The infected health workers' hygiene and care practices are unknown at this time, said the CDC, except that they were trained by Doctors Without Borders, an organization well-equipped to operate in places with substandard health care infrastructure. Family members who had been living with one of the infected health workers in Liberia returned to the U.S. before the health worker began exhibiting symptoms. Still, out of an abundance of caution, they are currently under a 21-day fever watch, but are not under quarantine at this time, according to the CDC.

There are several strains of the Ebola virus, but the one that is currently circulating in West Africa is the Zaire strain of the virus  -- the most deadly strain.
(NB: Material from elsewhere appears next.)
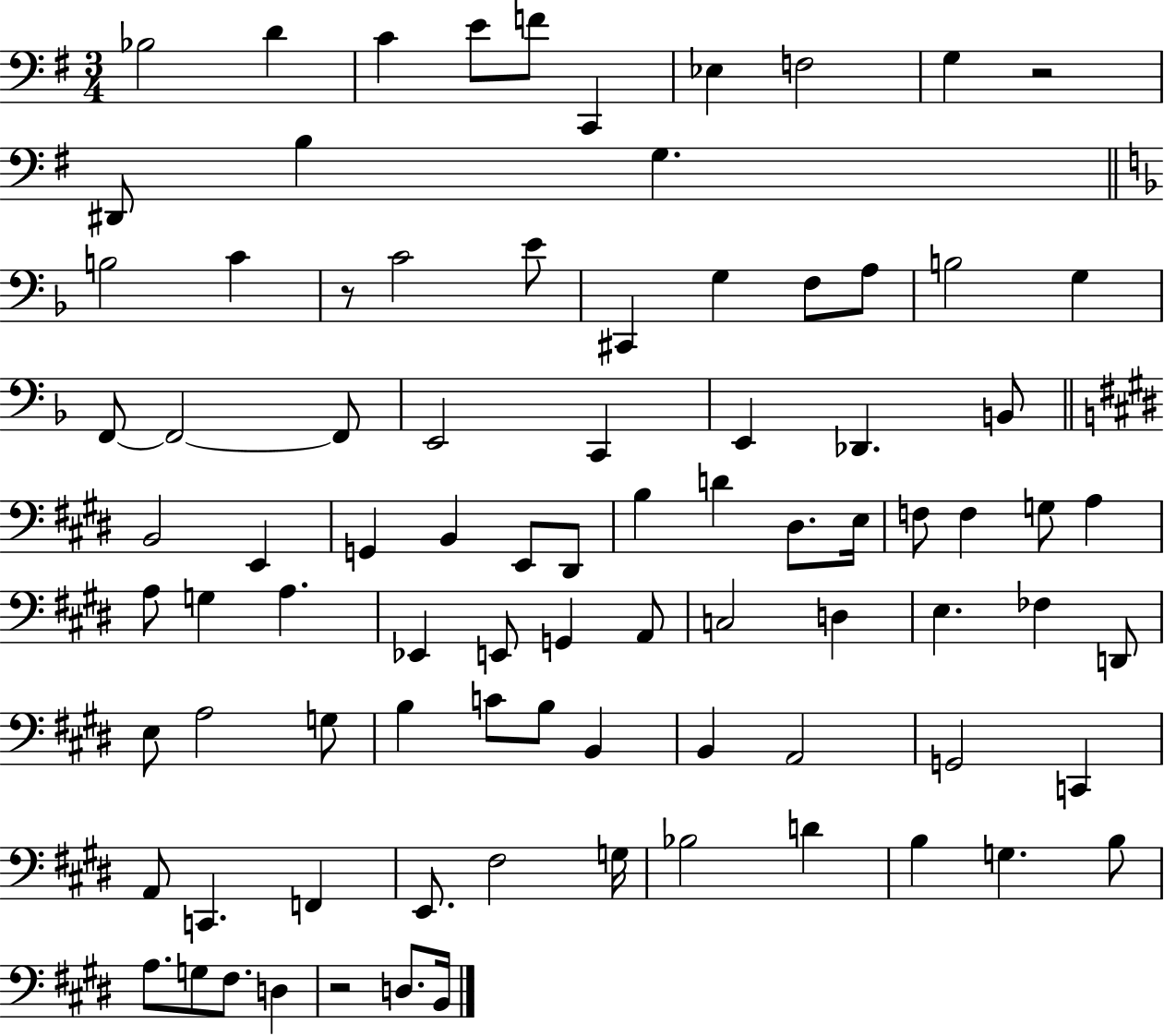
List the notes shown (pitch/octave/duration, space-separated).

Beginning symptoms can include fever, head and muscle aches, diarrhea and vomiting -- in other words, symptoms that are similar to many more common infections like the flu. But Ebola virus disease can also cause a rash, red eyes, and bleeding from the eyes, ears, mouth, nose and rectum in some patients.

The virus can be passed via blood and other bodily fluids like sweat and urine, as well as objects like syringes that can be contaminated by an infected person. However, only a person exhibiting symptoms can pass on the virus to others.